What you will do:
Stop at the line containing "Beige Dragonfly Canvas": repeat exactly every line of the entries below from the first up to it, plus that line, with pictures omitted.

Records shown:
◆ ◆ ◆ ◆ ◆

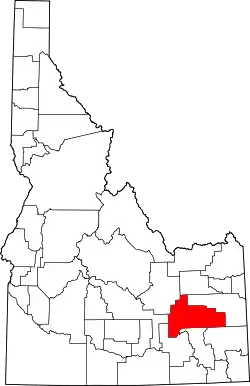 Karte von Bingham County innerhalb von Idaho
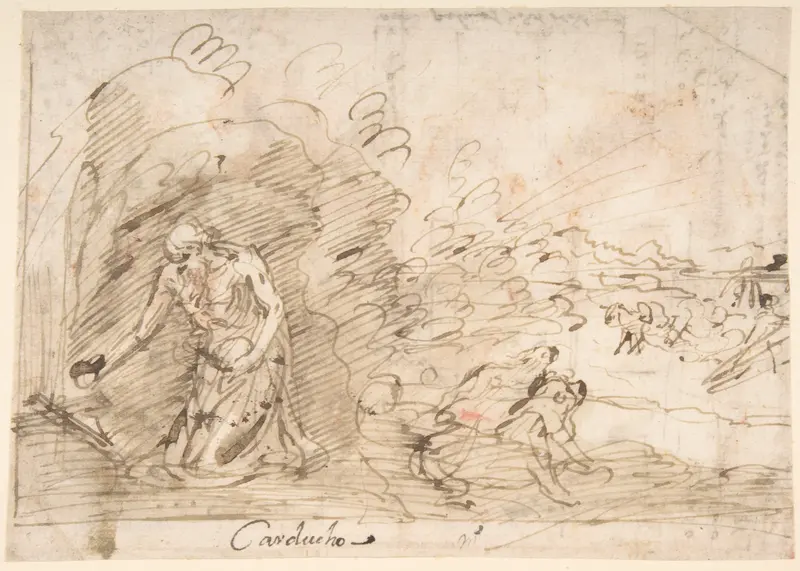 Penitent St. Jerome (recto); Notes and Accounts (verso) Wall Art by Vicente Carducho - High-Resolution Digital Print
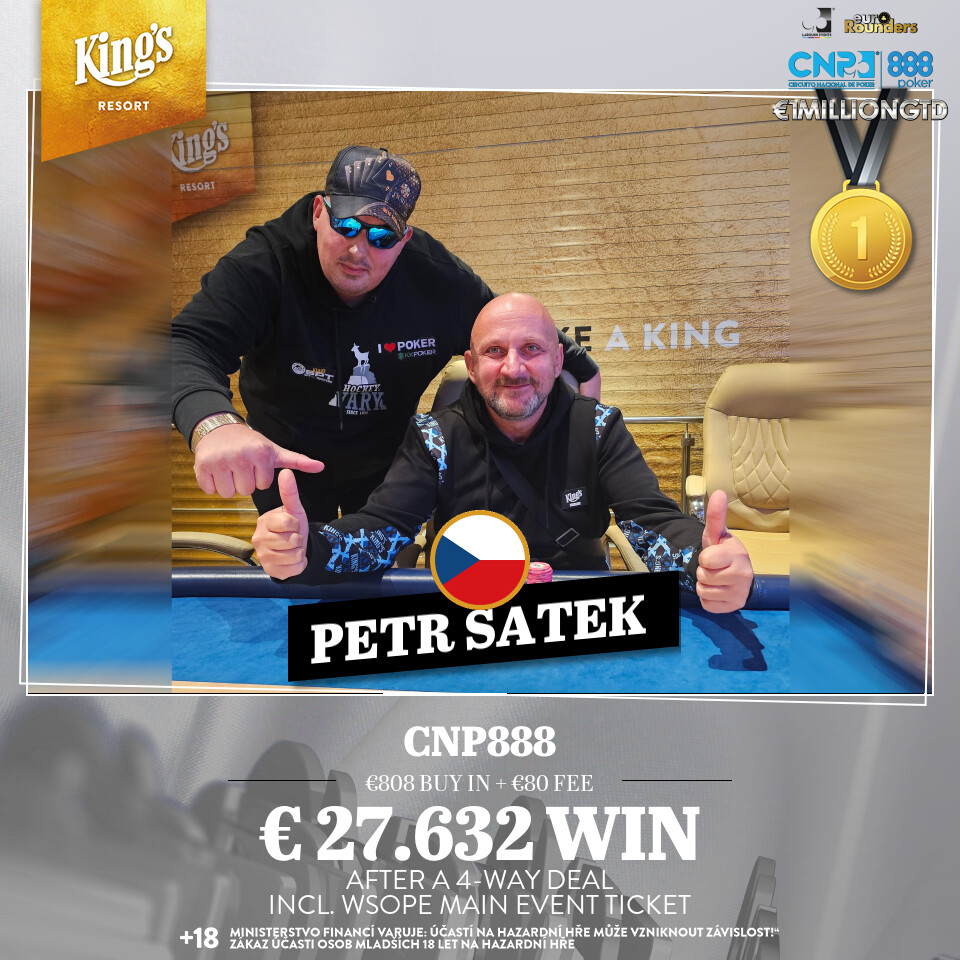 Petr Satek víťazom CNP888, Patrik Jaroš chipleaderom Main Eventu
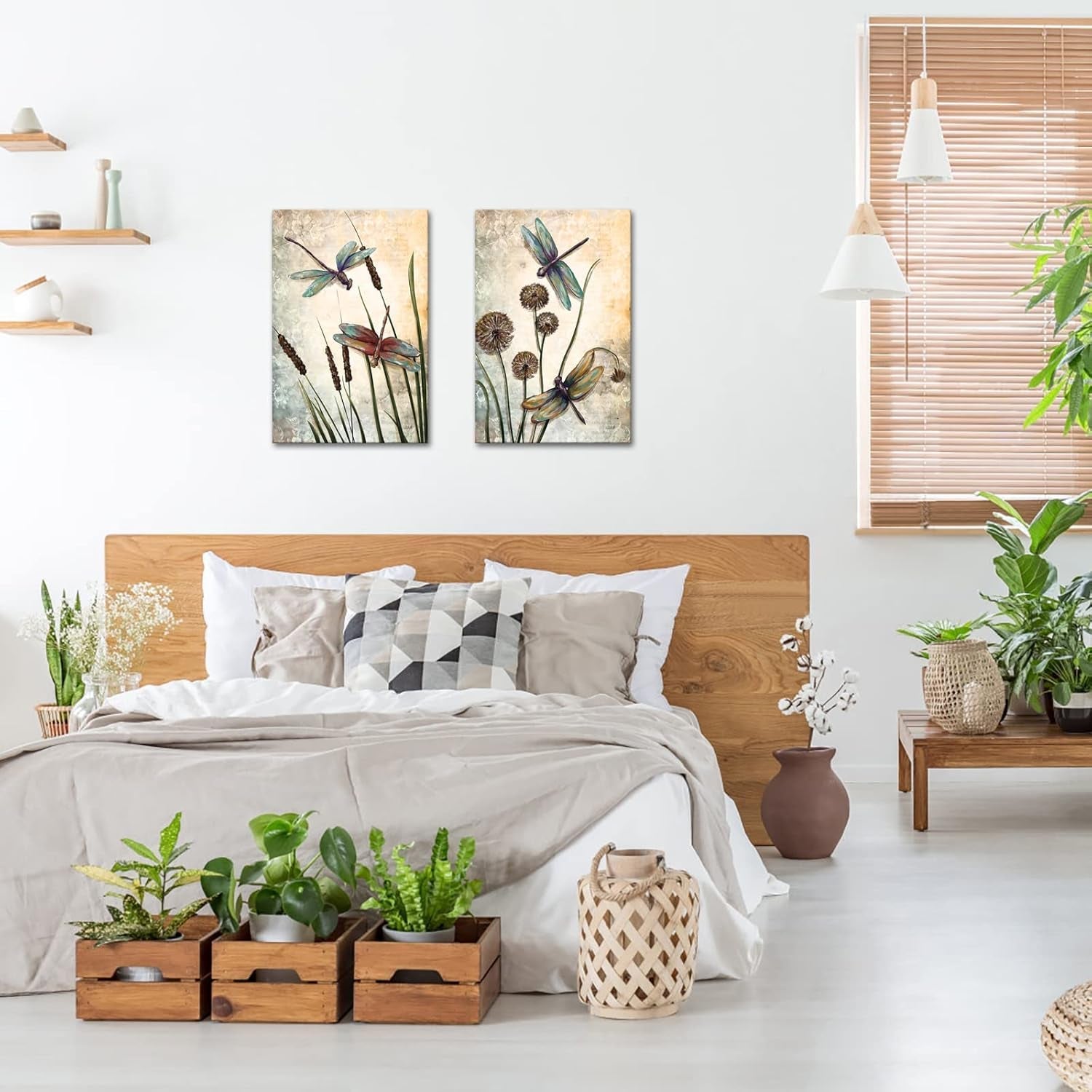 Beige Dragonfly Canvas Wall Art 16x24 Inches Giclee-1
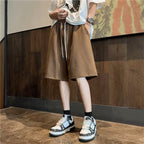Design diamond pattern white shorts men's fashion brand handsome fifth pants men's summer home outer wear half pants - FATAONDesign diamond pattern white shorts men's fashion brand handsome fifth pants men's summer home outer wear half pantsMode HommeFATAON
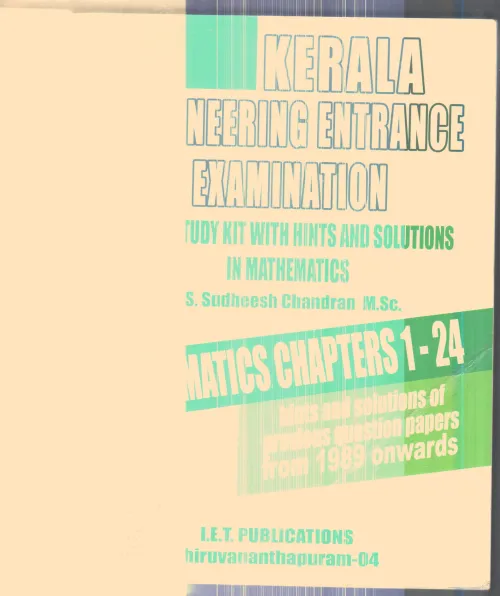 KERALA ENTRANCE EXAMINATION MATHS CHAPTERS By I E T PUBLICATIONS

◆ ◆ ◆ ◆ ◆

Exercise output:
 Karte von Bingham County innerhalb von Idaho
 Penitent St. Jerome (recto); Notes and Accounts (verso) Wall Art by Vicente Carducho - High-Resolution Digital Print
 Petr Satek víťazom CNP888, Patrik Jaroš chipleaderom Main Eventu
 Beige Dragonfly Canvas Wall Art 16x24 Inches Giclee-1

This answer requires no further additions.